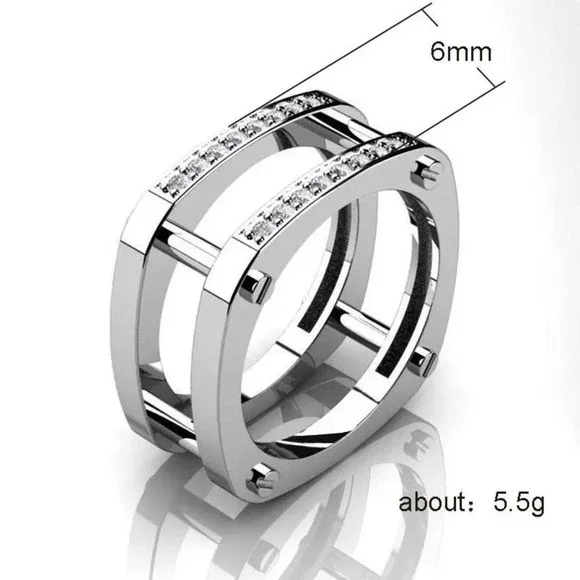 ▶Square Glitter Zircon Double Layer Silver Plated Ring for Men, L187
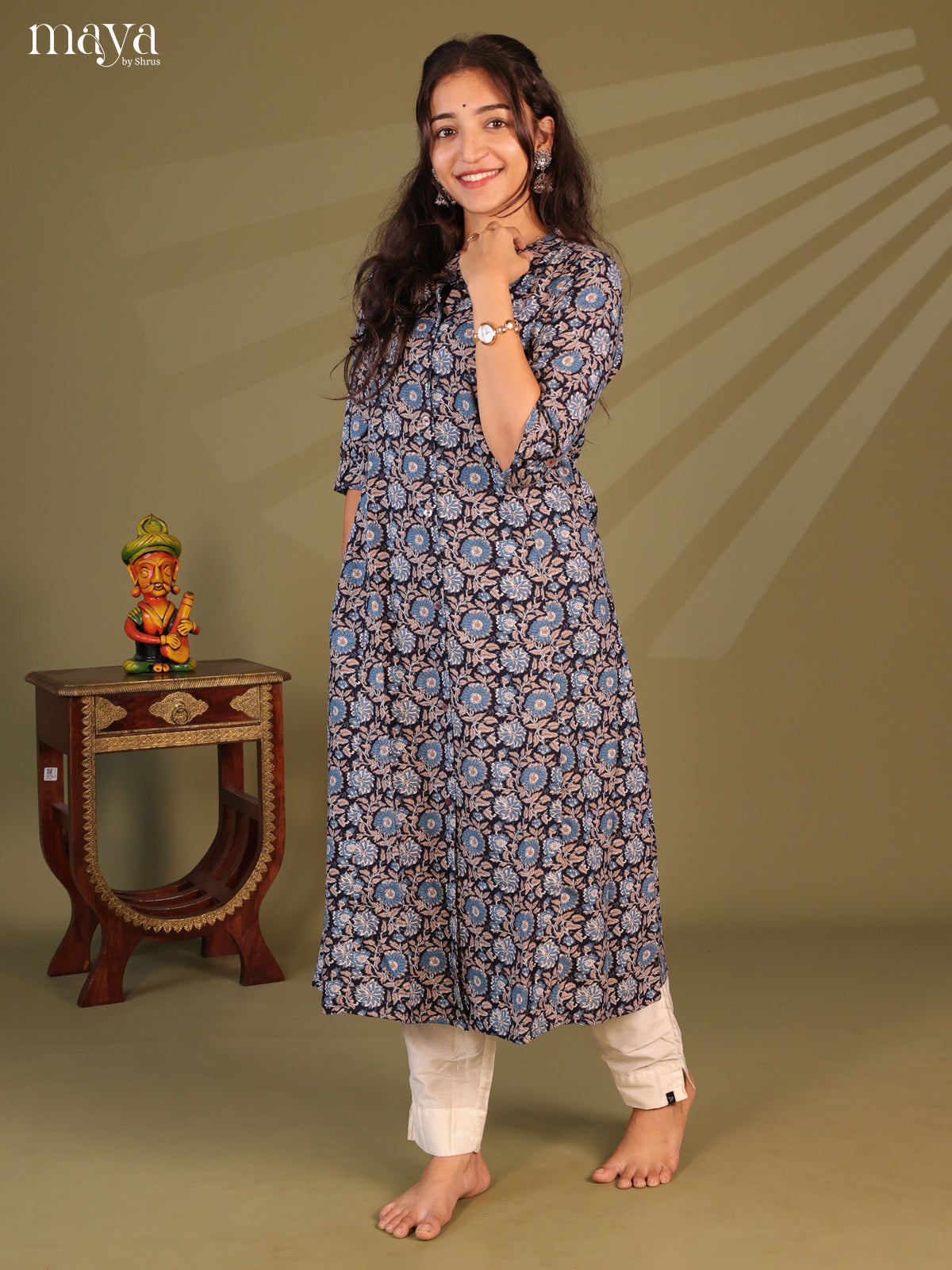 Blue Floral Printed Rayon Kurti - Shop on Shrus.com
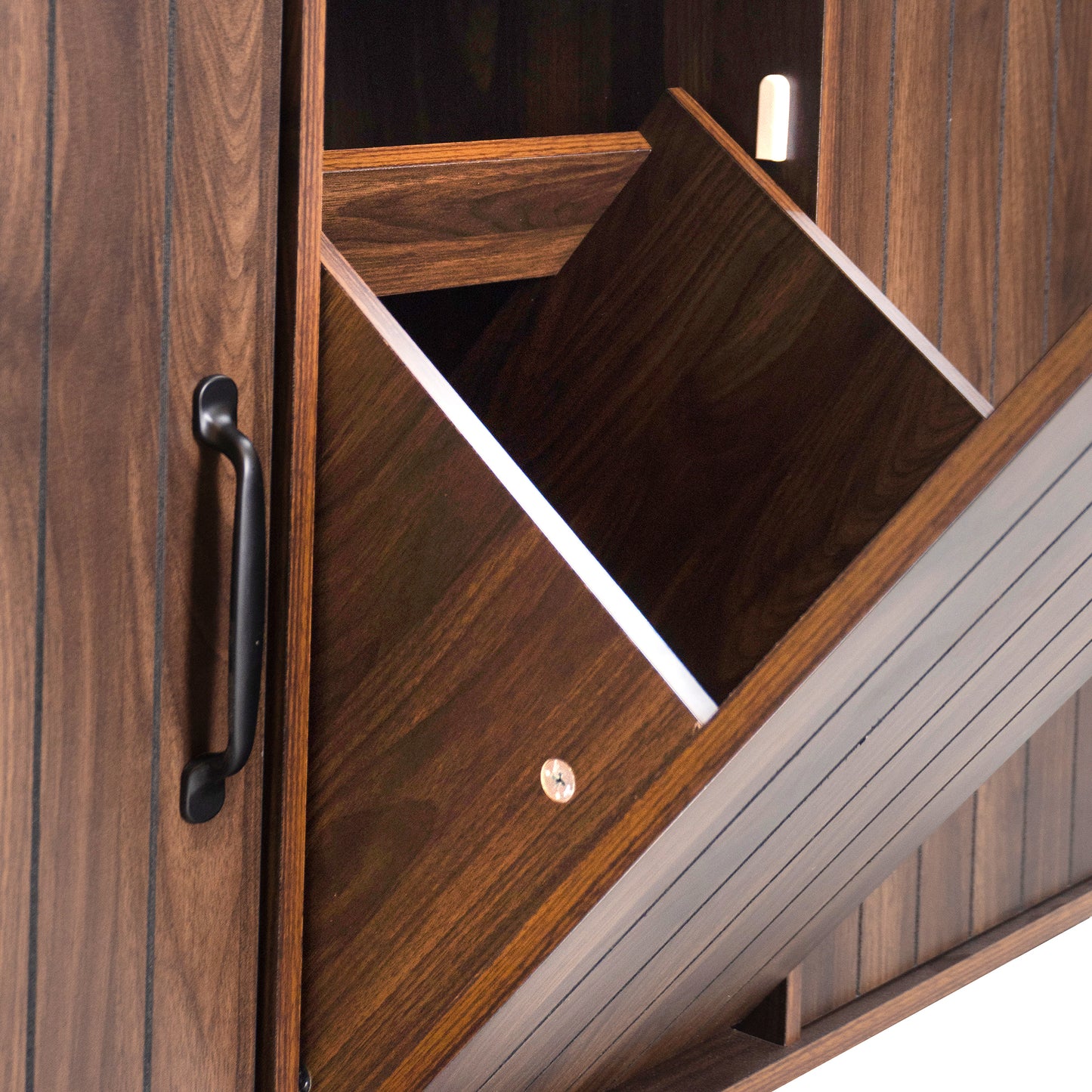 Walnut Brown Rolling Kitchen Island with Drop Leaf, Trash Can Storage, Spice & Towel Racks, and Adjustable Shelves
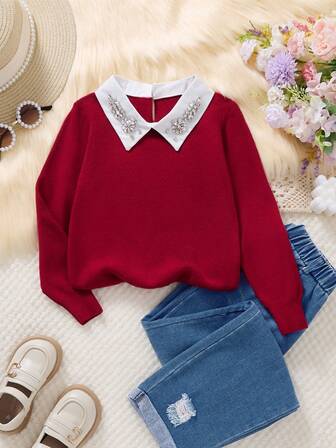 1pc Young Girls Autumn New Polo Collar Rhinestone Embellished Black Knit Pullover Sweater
_____
Exercise aim: Could you reproduce exactly the lines from the first line of the listing through the line containing "Walnut Brown Rolling", both included, with pictures left out?

Task solution:
 ▶Square Glitter Zircon Double Layer Silver Plated Ring for Men, L187
 Blue Floral Printed Rayon Kurti - Shop on Shrus.com
 Walnut Brown Rolling Kitchen Island with Drop Leaf, Trash Can Storage, Spice & Towel Racks, and Adjustable Shelves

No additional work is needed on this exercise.